Mix and bring to a boil. Pour liquid over vegetables in jars. Wipe jar rims
and put sterile lids and screw rings over each jar; process 15 to 20
minutes in a water bath. Store in a cool dark location. Let sit about 6 to
8 weeks for flavors to develop. These canned vegetables will be good for
several years if unopened.

Cranberry Relish

This one is easy and improves with age. Fresh whole cranberries also freeze
beautifully so you can make this any time of year.

3 cups of fresh cranberries

1 apple, peeled and cored

1 orange, seeded

2 cups sugar (or substitute - see notes & tips)

Wash the cranberries and put through a meat grinder or food processor with
the orange and apple. Stir in the sugar, set aside in a cold, but not
freezing place, for several weeks before serving.

Notes & Tips

There are many sugar substitutes on the market as you probably know if you
have been watching your intake for weight loss or diabetes concerns. A
diabetic friend of mine has tried them all and highly recommends a sugar
replacement called Sprinkle Sweet. It contains maltodextrin and sodium
saccharin. This product is made by Associated Brands, Inc. and you may
direct any questions or comments to them at (800)634-5485.

Not all sugar substitutes are calorie free. Maltodextrin is handled like a
carbohydrate by the body and contains 4 calories per gram. Artificial
sweeteners containing saccharin are safe for most people, regardless of
age, but not for pregnant or nursing mothers.

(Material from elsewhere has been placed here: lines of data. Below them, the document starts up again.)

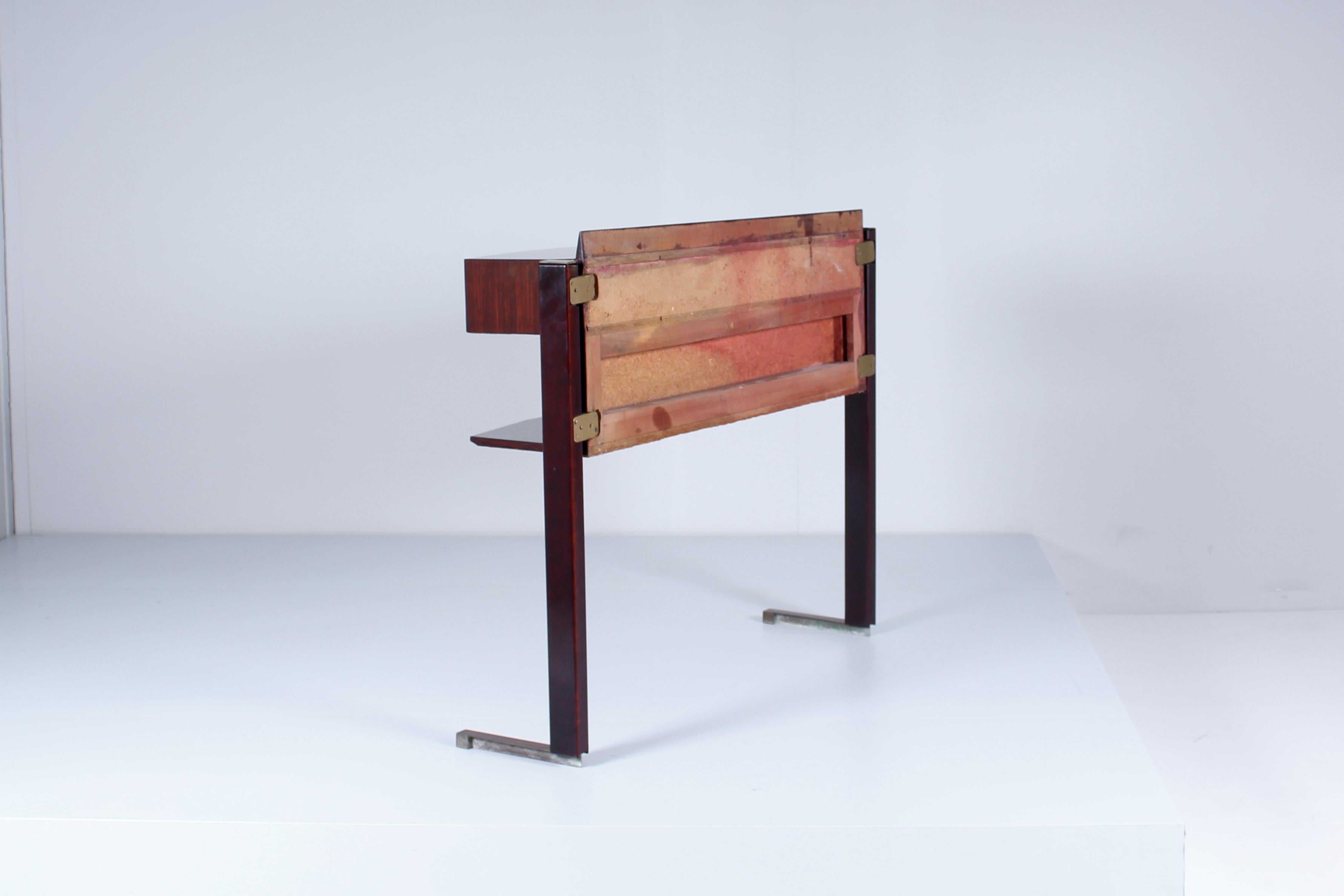 Mid-Century Cantù Italian Design Dark Wood and Brass Console Italy 1950s For Sale 7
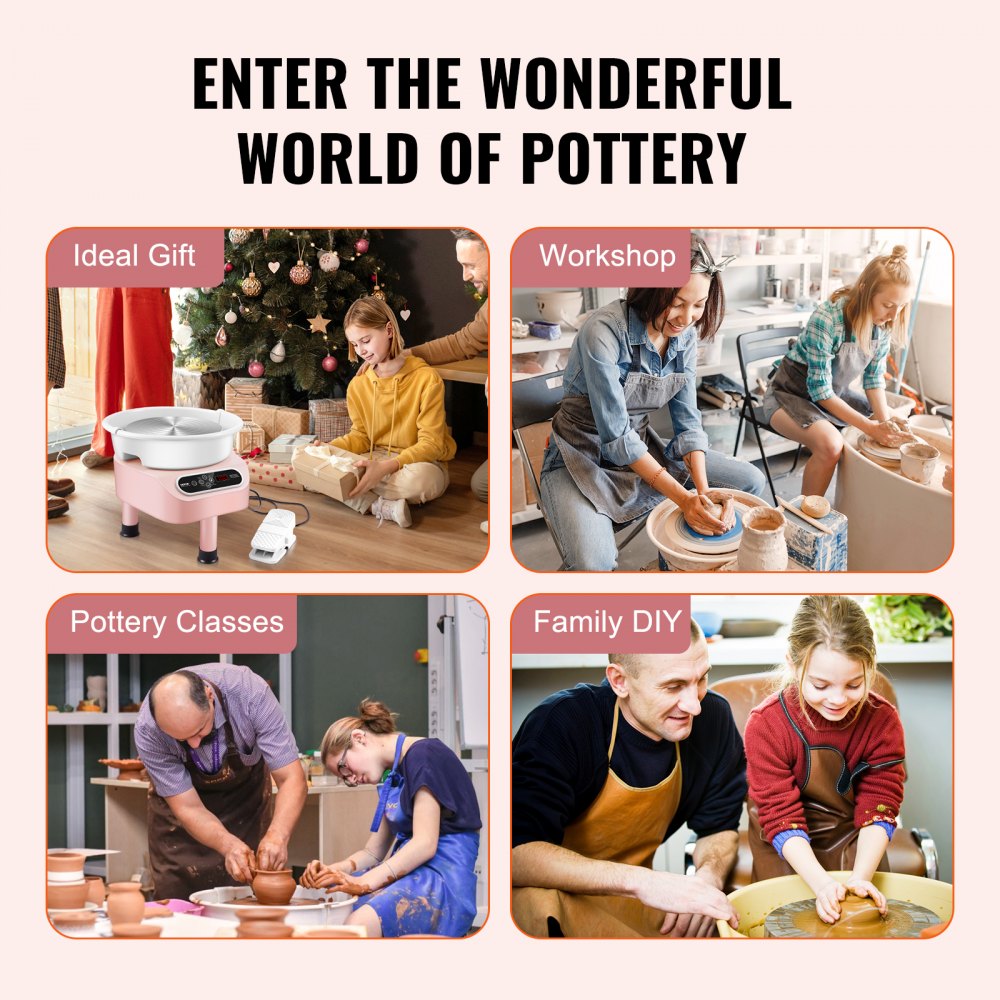 VEVOR Pottery Wheel, 11 inch Pottery Forming Machine, Direct Drive Ceramic Wheel with 3 Support Legs for DIY Art Craft, 450W Electric Wheel for Pottery with Foot Pedal and LCD Touch Screen, Pink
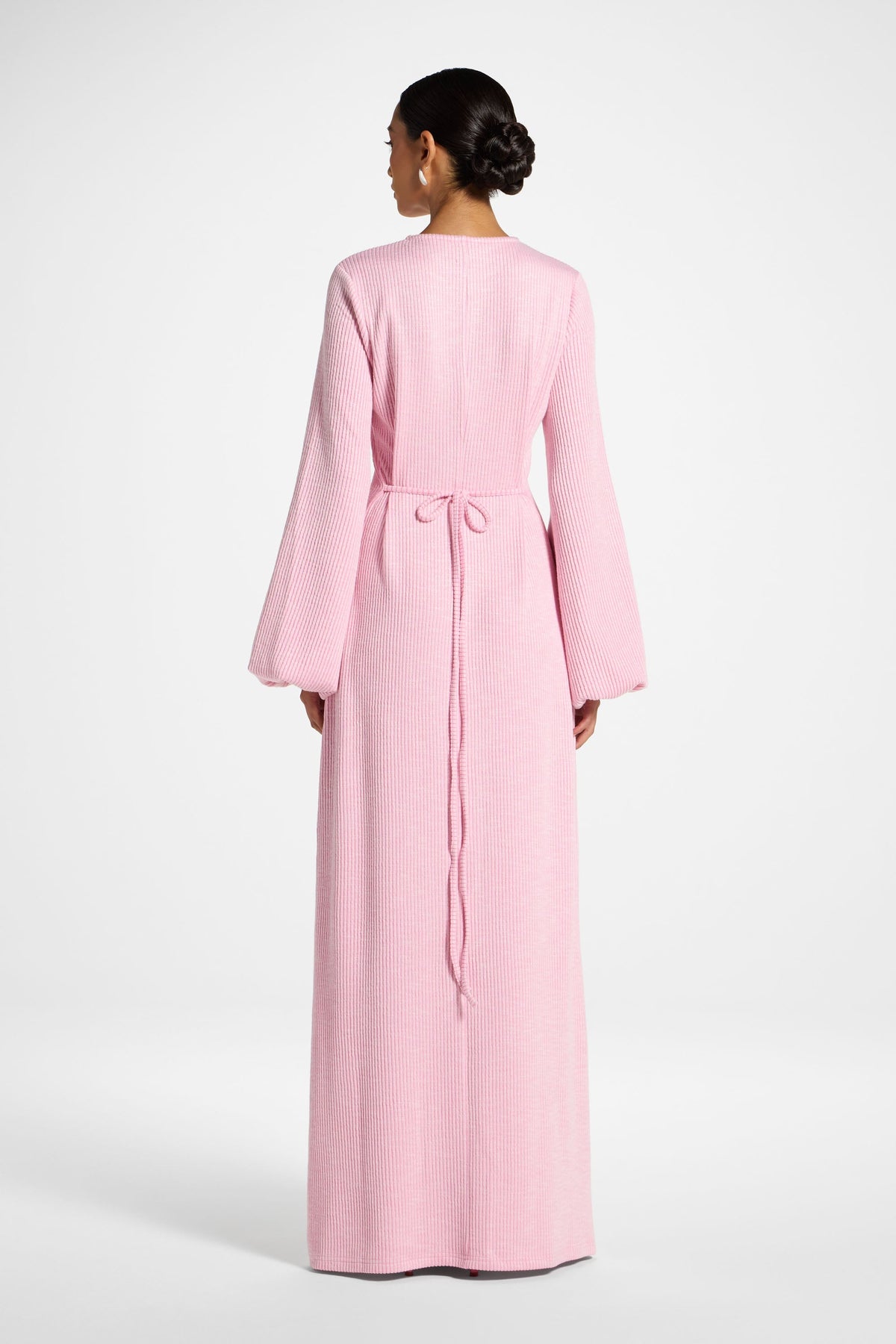 Rib Tie Back Maxi Dress - Just Pink Dress Veiled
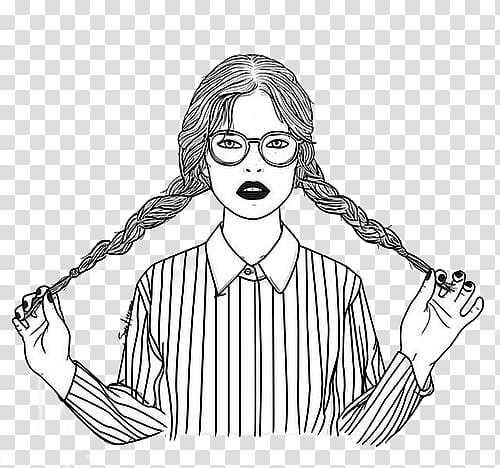 , braided hair woman sketch transparent background PNG clipart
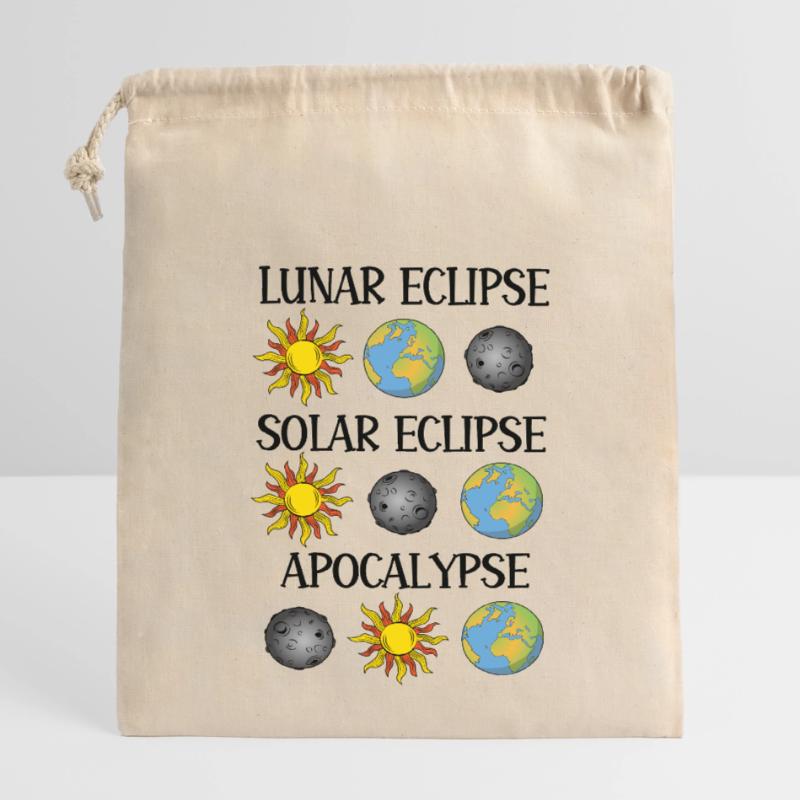 Lunar Eclipse Solar Eclipse Apocalypse Closable cotton gift bag (14x20cm)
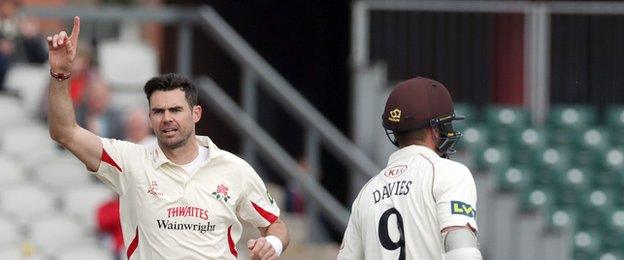 Steven Davies's wicket took James Anderson's career haul to 700 first-class wickets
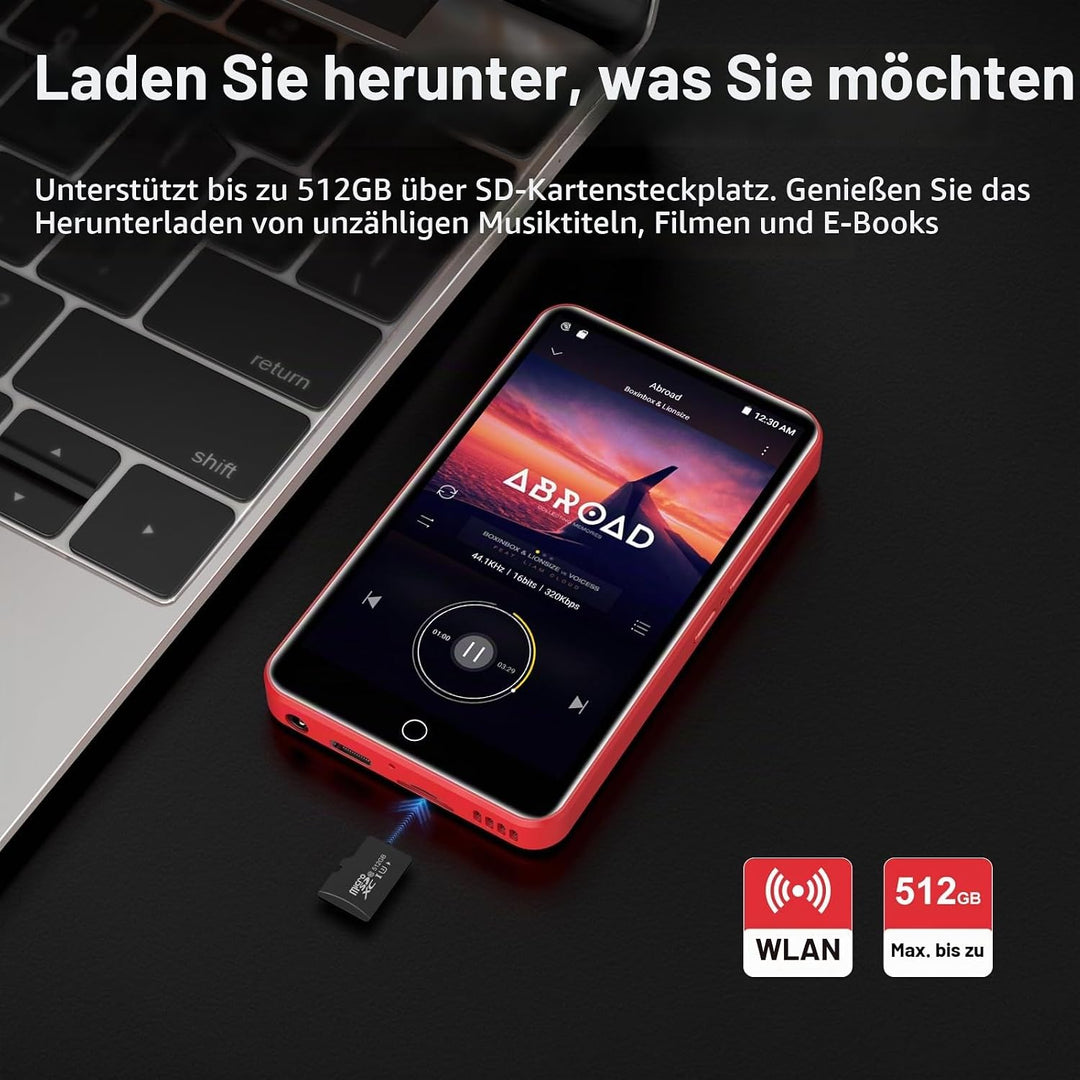Playercase ZAQE 32GB MP3 Player mit Bluetooth und WiFi, Android 13 MP4 Player mit Spotify, Pandora,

Europeans brought apple seeds to these shores. These seeds developed into
many new varieties when bred with our American Indian crabapples. Apples
have nearly as many varieties as do potatoes. There are 7,500 varieties of
apples worldwide with 2,500 known varieties grown in the U.S.

Because of the high pectin content in apples, it is a good thing for people
with diabetes. This is because pectin, which is used to thicken jams and
jellies, forms itself into a gel which slows digestion, thus slowing the
rate of rise in blood sugar. Apples are high in fiber and the antioxidant
quercetin. Various antioxidants in food are known to lower the risk of
heart disease and some cancers.

The South Beach Diet, the Atkin's Diet, along with many other popular new
trends can't beat "The Cardiologist's Diet." This one says "if it tastes
good, spit it out." (Only kidding folks.)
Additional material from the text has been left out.